Needless to say, musicology isn’t going to appear in anything resembling a percentage of those posts, but it does boggle the mind to think of how many people are typing into space. Musicology blogs take all shapes and forms, some focus on longer posts, others a tidbit here or there, others still as a place to air research ideas. Perhaps what we need is a meta-blogger willing to spend their days combing other blogs and pulling together all the interesting posts/subjects. The Perez Hilton of musicology, though less profitable and fashionable (in many senses of the word).
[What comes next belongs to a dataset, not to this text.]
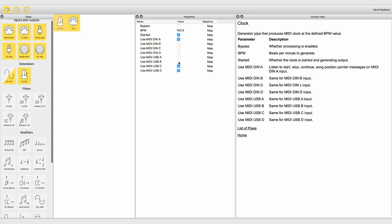On the selected inputs the clock listens and reacts to start, stop, continue and song position pointer MIDI messages.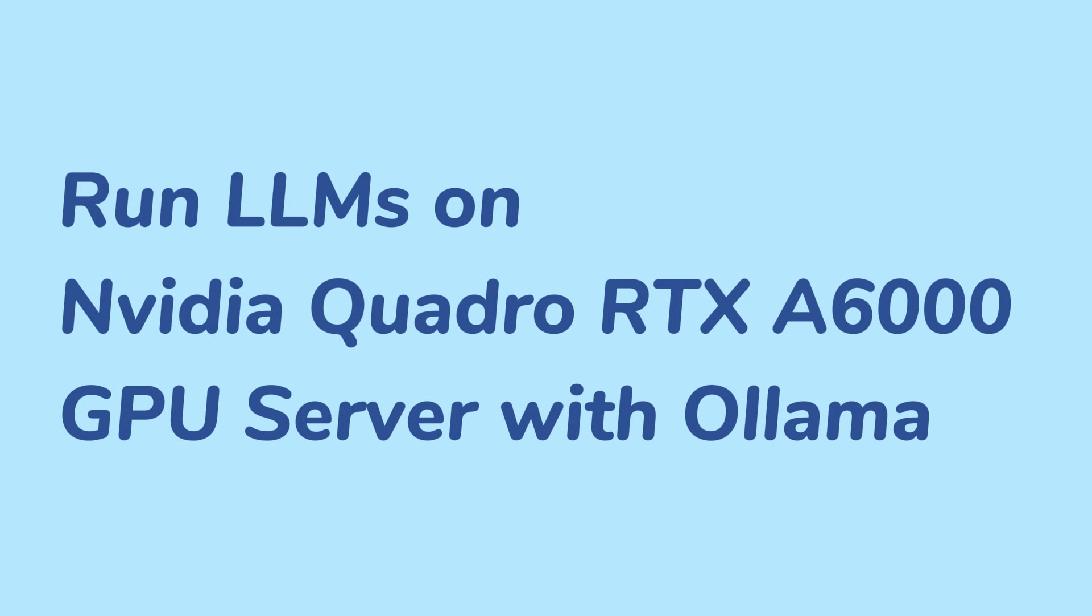Welcome back to the Database Smart Channel. In this video, we test the NVIDIA Quadro RTX A6000's performance. This powerful GPU is known for its superior capabilities in artificial intelligence and machine learning.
Keeping up with blogs is difficult on the production side as well. There is always the impetus to start a post. But I often find that a great idea formed while out for a run or waiting for the bus doesn’t always hold together when set down in writing, even in blog-form writing. Drew can attest to the various drafts we’ve both got for posts that will probably remain unseen. I think Phil makes a good point when he writes, “blogging isn’t about keepin’ it real — it’s about the meticulous preparation and presentation of an artful rhetoric of keepin’ it real.” This is particularly true for us less-further-along academic bloggers who either are on the job market or will be soon. Ditto for tenure.
In the spirit of blogging, a post should read as one might hope to talk. In reality, as I prepare each post I edit through several times, sometimes leaving a post sitting in draft form for days/weeks/months (this is not the case today). As I click on that “publish” button, I invariably ask myself the same the same set of paranoid questions: 1) Will what I’ve written help/hurt my career (see Drew’s post on the subject)? 2) Is anyone even reading this carefully enough that it matters how much effort has gone into it?
Academic blogging takes time and at this point no one really knows what its place is in musicology, with respect to both professional development and development of the profession. If Phil is indeed correct (and I hope he is) that musicology blogs have the power to move the discipline in new directions, then I want to put my best foot forward. At the same time, I want to do my best to actually keep it real, honest, current, and interesting, not only for myself but also for you. Not an easy combination, but just like any relationship it goes nowhere without a bit of effort–even if it (hopefully) looks easy.
I think Billy Joel says it best in this performance form 1977.* Pretend he’s singing to his blog and, by extension, the blogging/blog-reading community, as you watch and listen**:
Don’t go changing, to try and please me
You never let me down before
Don’t imagine you’re too familiar
And I don’t see you anymore
I wouldn’t leave you in times of trouble
We never could have come this far
I took the good times, I’ll take the bad times
I’ll take you just the way you are
Don’t go trying some new fashion
Don’t change the color of your hair
You always have my unspoken passion
Although I might not seem to care
I don’t want clever conversation
I never want to work that hard
I just want someone that I can talk to
I want you just the way you are.
I need to know that you will always be
The same old someone that I knew
What will it take till you believe in me
The way that I believe in you.
I said I love you and that’s forever
And this I promise from the heart
I could not love you any better
I love you just the way you are.
* Yes, that’s right, I am a big fan of Billy Joel and now you know…
** I have to say that I disagree with Billy on one point here, a little clever conversation never hurts–be that in a blog or a relationship.